Saturday, 19 February 2011

Learning to crochet

I said that I'd be sticking to basic stiches until I finished knooking the baby blanket. I also said that I wouldn't talk about knooking again until then. I lied. Twice. Notice how the title of this post is about crochet, not knooking? It's still really the same subject. I cheated as well as lied. I am a very bad person. I'm sorry.

First, I found another blog devoted to knooking. As luck would have it Ronda, the author of this one, has just worked out an easier way of doing the purl stitches, for which I am very grateful. She has also been working on projects that mix knooking with crochet, something I'd been pondering as a possibility.

Seeing Ronda's designs made me want to have a go at incorporating some crochet, but also made me realise that I don't know the first thing about this craft. Time to learn how to crochet.

Rather than searching this internet I decided to consult a book, for a change. I have a rather lovely old book called, "Encyclopedia of Needlework" by Thérèse de Dillmont*, which I inherited from my grandmother. There's no sympathy for the struggling reader here: At first sight some of the designs may appear rather difficult to execute, but when the directions are accurately followed all difficulty will disappear. If you're having trouble it's because you're not following the instructions properly!

Encyclopedia of Needlework

I haven't tried using this book before, but I gave it a go and sure enough, if I followed the instructions very carefully, my work looked pretty much like the illustrations. A little more consistency would have been nice. As far as I can tell, the following two descriptions refer to the same stitchwork:
Throw the thread round the hook, pass the hook under the two halves of a stich and catch hold of the thread, draw the thread through the stitch...
Bring the thread from behind round the front of the hook, put the hook in between the stitches of the row before, make an over, bring the hook forward again with the thread...

Here's my first attempt:

First attempt at crochet.
I used an offcut of yarn that Pebble the cat had helpfully detached from the rest of the ball. This is why the piece finishes halfway through a row.

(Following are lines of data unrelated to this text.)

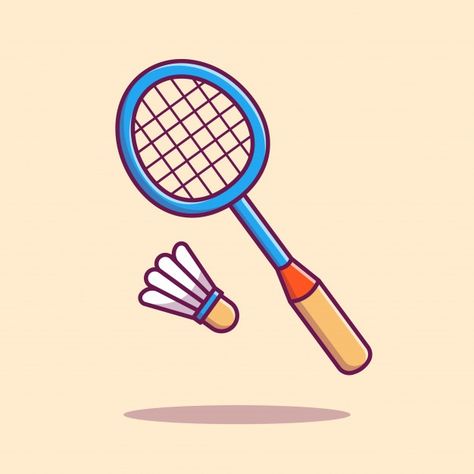 Badminton racket with shuttlecock icon i... | Premium Vector #Freepik #vector #design #sport #character #cartoon Badminton Aesthetic Drawing, Badminton Racket Drawing, Badminton Drawing, Shuttle Badminton, Badminton Doubles, Badminton Aesthetic, Badminton Art, Badminton Logo, Badminton Championship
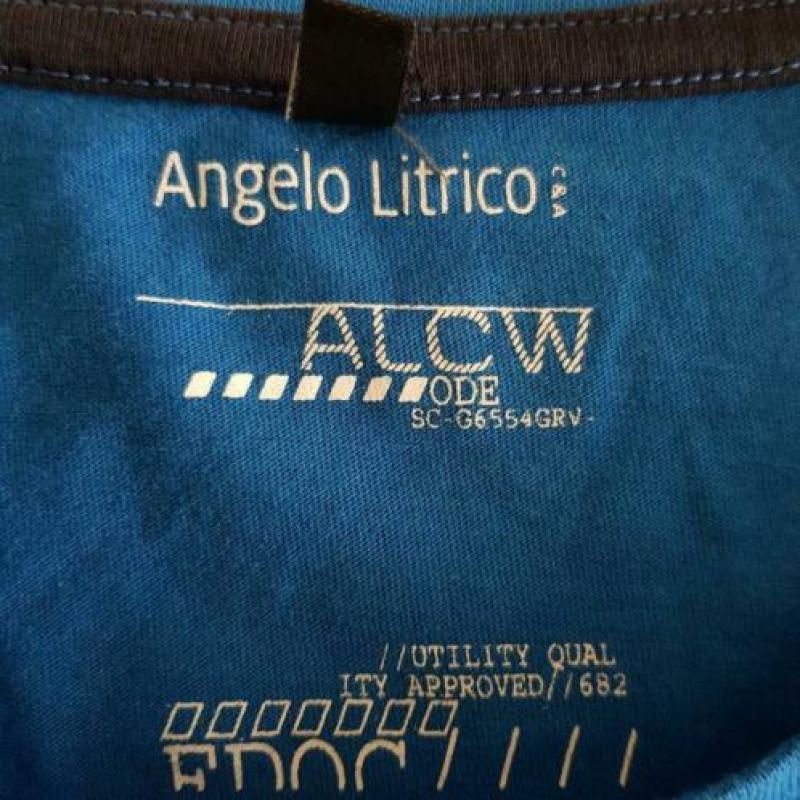 Angelo Litrico blauwe shirt met tekst maat XXL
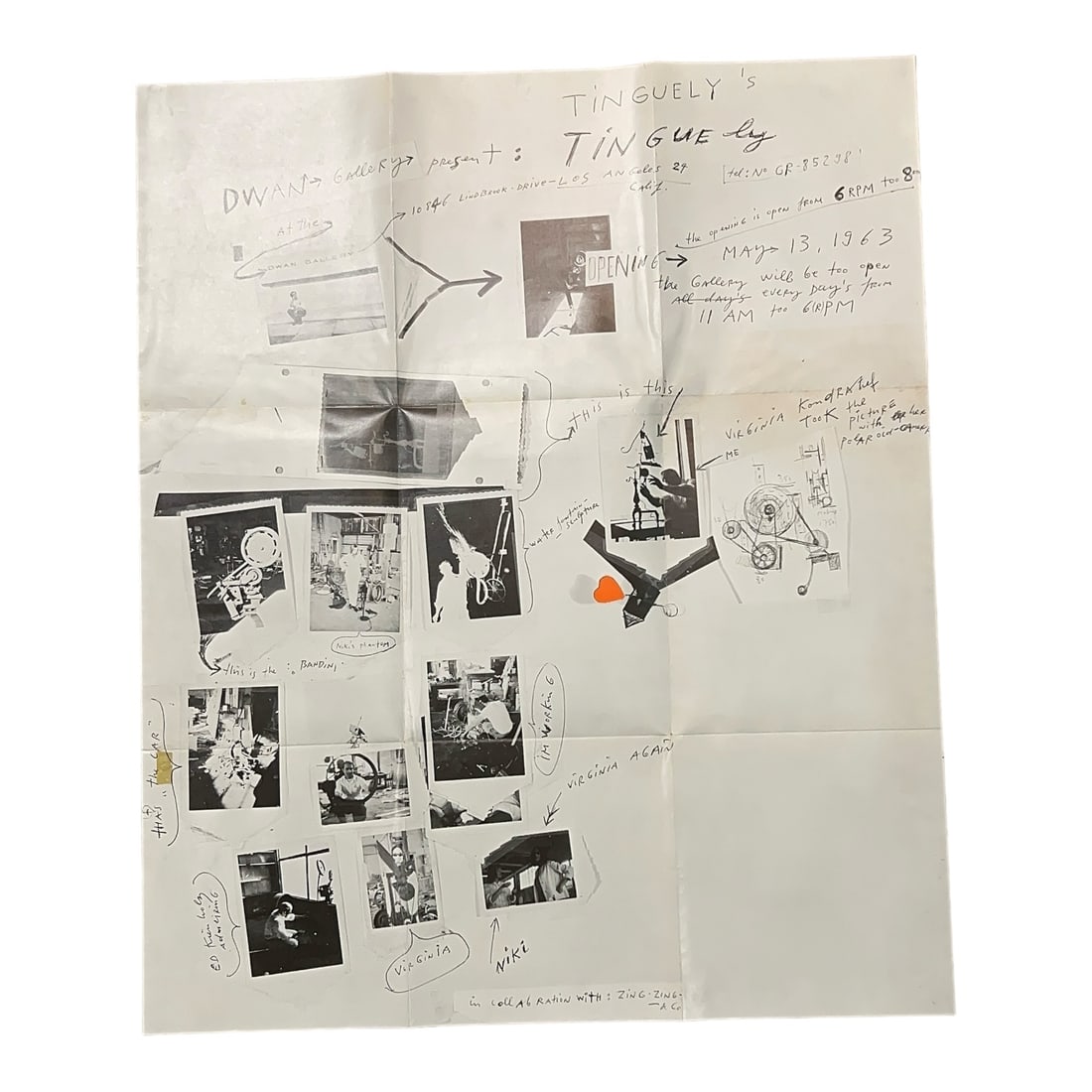 Jean Tinguely Exhibition Poster Dwan Gallery LA 1963 (1 of 14)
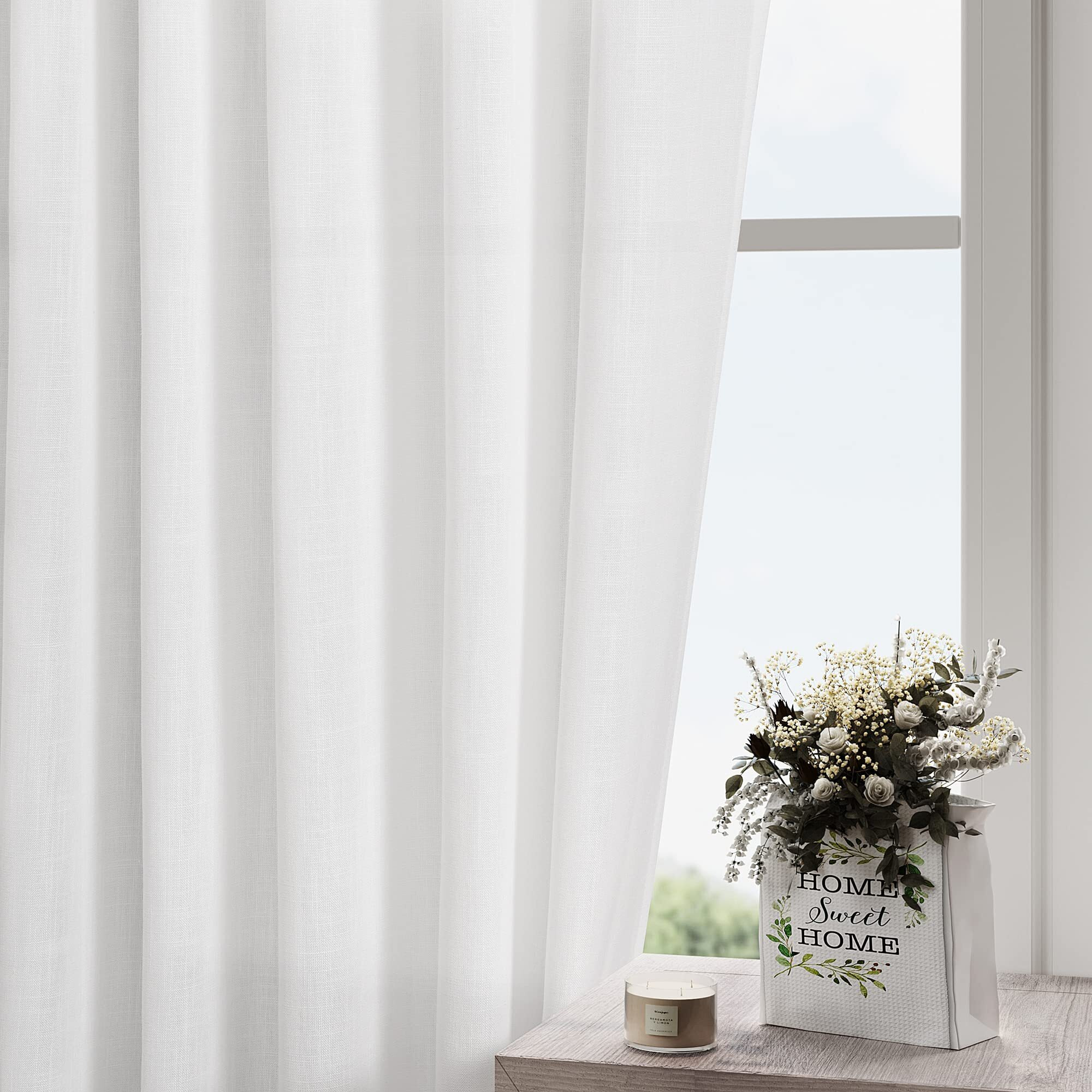 Nanspring Extra Long White Curtain 102 Inches Long 2 Panels Set For Living Room Back Tab Modern Farmhouse Decor Cotton Textured Off White Sheer Linen Curtains 102 Inch Length For Large Window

Having managed several of the stitches described in the book, I decided that the next square in the baby blanket would have to be crochet. Here it is:

Crocheted 'square' for baby blanket

It's not very clear in the picture, but there's a pattern in bobbles (pine-apple stitches) in there somewhere. There are also two types of background stitch; close to the bobbles are half trebles and around the outside is counterpane stitch. How could I resist counterpane stitch?!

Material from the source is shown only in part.